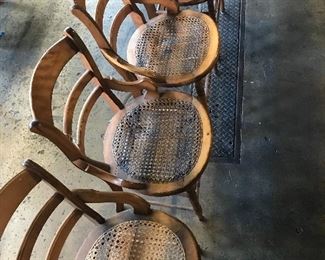 Set 4 wood/wicker chairs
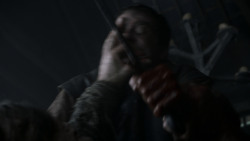 extant_GameOfThrones_4x01-TwoSwords_6092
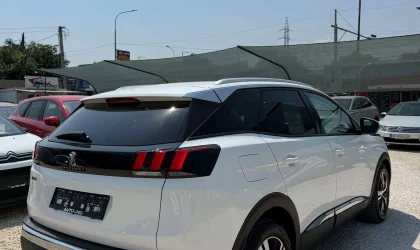 Peugeot 3008  - 2020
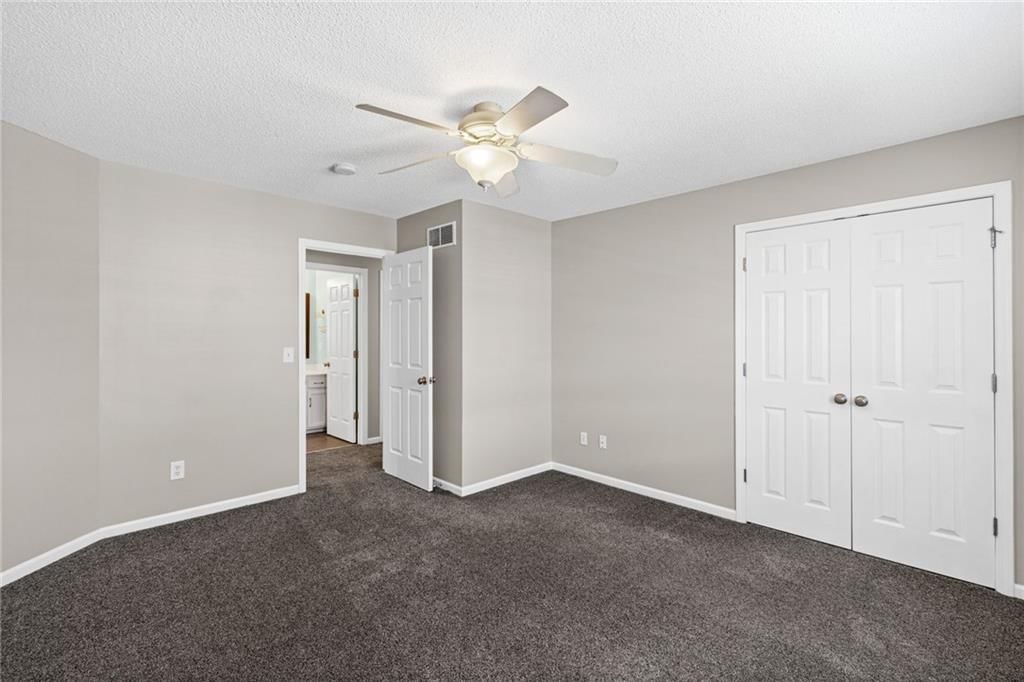 8505 N ARCOLA Avenue — photo 12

════════

Activity |
Leave the pictures out and copy the rest of the data exactly.

Result below |
 Set 4 wood/wicker chairs
 extant_GameOfThrones_4x01-TwoSwords_6092
 Peugeot 3008  - 2020
 8505 N ARCOLA Avenue — photo 12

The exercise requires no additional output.